Search Privacy Violations, Breaches and Complaints
This database was last updated in December 2015 ago and should only be used as a historical snapshot. More recent data on breaches affecting 500 or more people is available at the U.S. Department of Health and Human Services’ Breach Portal.
VA Mid South Healthcare Network (VISN 9)
Mentioned in a privacy incident report created by the U.S. Department of Veterans Affairs on July 9, 2012. Also cited in 328 other reports.
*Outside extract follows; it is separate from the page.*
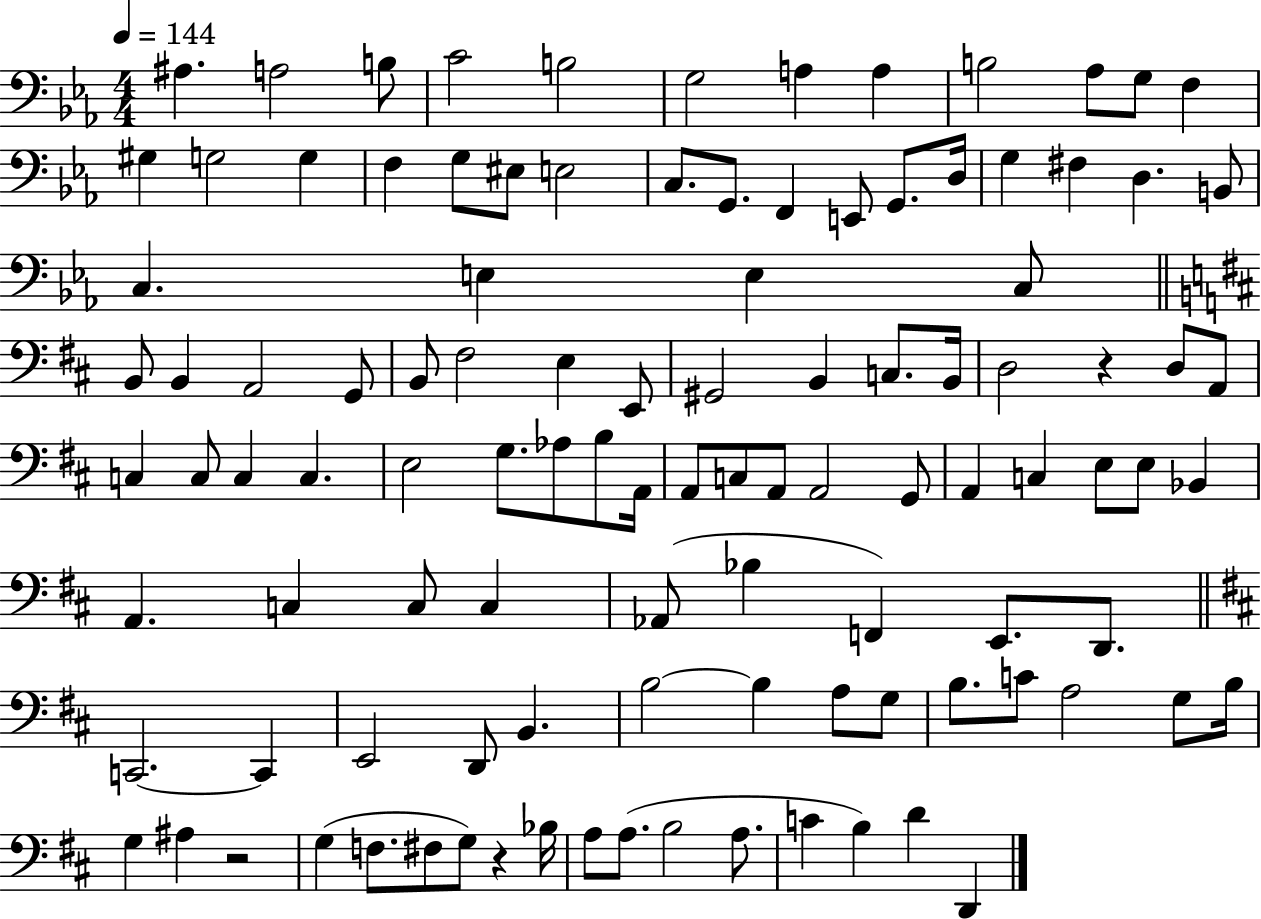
A#3/q. A3/h B3/e C4/h B3/h G3/h A3/q A3/q B3/h Ab3/e G3/e F3/q G#3/q G3/h G3/q F3/q G3/e EIS3/e E3/h C3/e. G2/e. F2/q E2/e G2/e. D3/s G3/q F#3/q D3/q. B2/e C3/q. E3/q E3/q C3/e B2/e B2/q A2/h G2/e B2/e F#3/h E3/q E2/e G#2/h B2/q C3/e. B2/s D3/h R/q D3/e A2/e C3/q C3/e C3/q C3/q. E3/h G3/e. Ab3/e B3/e A2/s A2/e C3/e A2/e A2/h G2/e A2/q C3/q E3/e E3/e Bb2/q A2/q. C3/q C3/e C3/q Ab2/e Bb3/q F2/q E2/e. D2/e. C2/h. C2/q E2/h D2/e B2/q. B3/h B3/q A3/e G3/e B3/e. C4/e A3/h G3/e B3/s G3/q A#3/q R/h G3/q F3/e. F#3/e G3/e R/q Bb3/s A3/e A3/e. B3/h A3/e. C4/q B3/q D4/q D2/q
Report ID: SPE000000077627, U.S. Department of Veterans Affairs
Reported Entity: VISN 09 Memphis, TN
Issue:
The Privacy Officer (PO) received an email from a VA staff member from the from Purchase Care Department stating that she spoke with a Veteran regarding a denied claim. She stated during their conversation, the Veteran's wife hinted that in February 2012, her husband received a denied claim from Memphis VAMC which had two other Veterans' claim letters attached. The Purchase Care staff asked about the names of the Veterans involved and then notified the Assistant Chief of the Business Office. Copies of the claim letters have been forwarded to the PO for follow up with the complainant. Upon review of the claim letters, the PO noted that it contains mailing (home) address and the Health Care Finance Administration (HCFA) ID numbers of the affected Veterans. The PO will call the complainant to request for the two claim letters to be mailed to Memphis VAMC Privacy Officer. Update: 07/10/12: The two Veterans will receive a HIPAA notification letter
Outcome:
PO conducted a fact-finding and met with one of the VA employees believed to be responsible for this incident. This VA employee is deaf and requested for an interpreter. Meeting started at 3:00 pm. Employee admitted that she is responsible for what occured. She stated that she has always paid close attention to ensure that no more than one claim letter is put into an envelope but she admitted this particular incident happened by accident. She pledged her support to ensure incident like this will never happen again. Employee has not taken VA Privacy and HIPAA training as of the time of the fact-finding. Emplyee stated she has taken her VA Privacy and HIPAA training. PO verified training in TMS, employee completed training in April 2012. PO stated to her that this incident has resulted in PII compromise since the claim letters contained mailing address of the affected Veterans. PO discussed VA National Rules of Behavior with employee and requested her to take it back to her office to review it thoroughly. PO explained the implication of reviewing and completing the VA National Rules of Behavior. PO requested employee send a signed copy of this document to be filed with the fact-finding records and another copy to be sent to her supervisor. Tomorrow, PO will submit two notification letters to the Medical Center Director for his signature. On 7/30/2012, PO uploaded redacted copy of Notification letters; all fact-finding meetings completed and complaint has been resolved. PO has notified Supervisor about the outcome of the fact-finding and necessary follow up.